Following these moves in the industrial segment, bullion prices also rose. Gold for delivery in February jumped 1.5 per cent to trade at Rs 30,710 per 10g. Silver for delivery in March was Rs 36,925 a kg, a rise of 2.5 per cent from the previous close. The price of gold at Zaveri Bazar in Mumbai was up by Rs 265 to Rs 30,655 for 10g. A lower rupee value added to gold's price.
"Easing of the US-China trade war (at the G-20 government heads meet in Buenos Aires), coupled with one of the Opec (the petroleum exporters' cartel) member's decision to reduce supply, supported the crude oil rise on Monday," said Naveen Mathur, director, Anand Rathi Shares and Stock Brokers.
The price rise in industrial commodities also took place on the benchmark global exchanges. On the London Metal Exchange, copper moved up 1.9 per cent to $6,314 a tonne. Zinc and other base metals in this category rose one per cent in early London trade on Monday, due to a weaker dollar and reports of Qatar leaving Opec.

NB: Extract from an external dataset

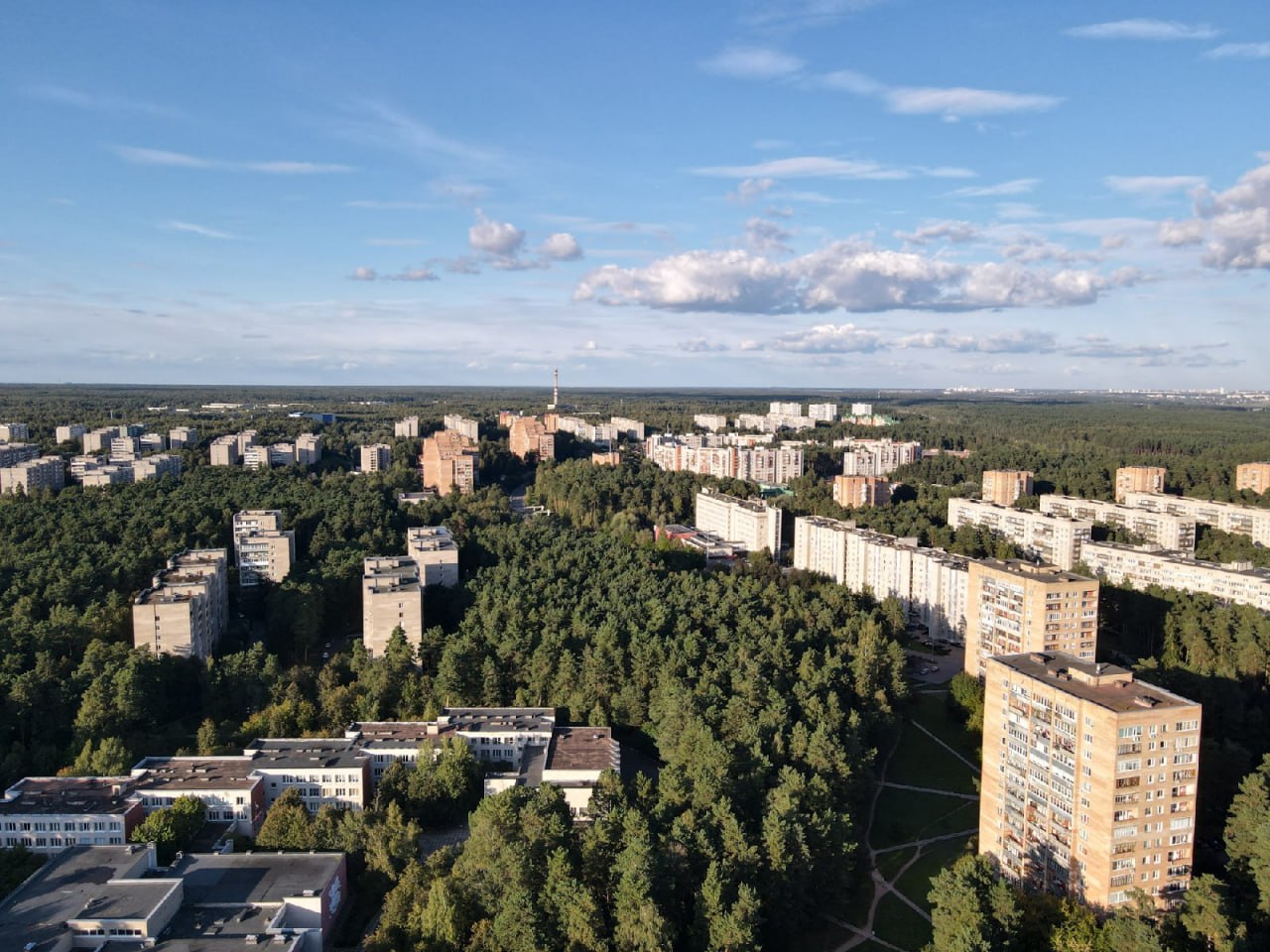 В Серпухове продолжается реализация программы «Светлый город» В Серпухове продолжается реализация программы «Светлый город»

Crude oil jumped over five per cent after the Qatar announcement. US light crude rose $2.92 or 5.7 per cent to a high of $53.85 a barrel, before easing to around $53 a barrel in early trade. Brent crude rose 5.3 per cent or $3.14 to a high of $62.6, before easing to $61.60 a barrel.
"The China-US trade truce over the weekend, the US-Canada-Mexico pact that was signed on Friday and change in the hawkish stance of the US Federal Reserve all signal a risk-on for equity markets. Commodities are buoyant, including crude oil," said VK Sharma, head of the capital markets group at HDFC Securities.
In China, the January contract prices for base metals were stronger by an average of 1.9 per cent, led by a 3.4 per cent rise in zinc, while copper was up 1.1 per cent.
In contrast, agricultural commodities posted a decline. Soybean for delivery in March on the National Commodity and Derivatives Exchange declined by 0.6 per cent Rs 3,464 a quintal.